Anche se ambientato in tempo di guerra, questa resta sullo sfondo. Solo a tratti torna in primo piano con qualche divisa nazista o camion di Alleati sventolanti bandiera rossa, un soldato disertore che muore per congelamento e bombe che piovono improvvise dal cielo o mine che esplodono da terra a sciogliere nodi inestricabili.
Non c’è bisogno di vederla, infatti, la guerra. E’ stata ampiamente interiorizzata nel mondo di Egyik e Masik Iker (László e András Gyémánt), gemelli tredicenni affidati dalla madre a Nagyanya (Piroska Molnár) la nonna che vive in campagna, una brutale, enorme vecchia alcolizzata e crudele, che dicono abbia avvelenato il marito e che tutti chiamano “la strega”. La madre voleva salvarli così dalla guerra, tornerà troppo tardi a riprenderli. Proprio la guerra, infatti, separandoli dai genitori e allontanando la moglie dal marito, ha devastato quel nucleo famigliare felice col fragore di una granata che arriva a scavare un cratere enorme.

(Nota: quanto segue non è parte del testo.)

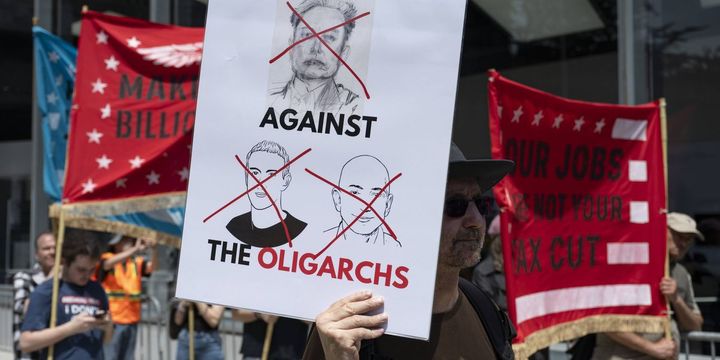 Richest People Gained Record $2.2T in 2025, Fueling Calls for Wealth Tax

Dopo nulla può tornare ad essere come prima. Costretti ad imparare le regole di un mondo dominato dalla violenza, i due fratelli, se vogliono sopravvivere, devono diventare insensibili e spietati, crearsi intorno una barriera che li ripari dal dolore, diventare portatori di dolore essi stessi.

La storia, dice János Szász, il regista, “è quella di bambini innocenti e al tempo stesso crudeli, due precoci adolescenti che si trasformano in assassini. Nonostante abbiano due corpi distinti, Egyik e Masik hanno solo un’anima e una volontà, parlano allo stesso modo, concludono l’ uno le frasi dell’altro e sono sempre sulla stessa lunghezza d’onda. Quando uno dei due pensa a qualcosa, l’altro la mette in pratica e per loro uccidere non è altro che un atto di giustizia”.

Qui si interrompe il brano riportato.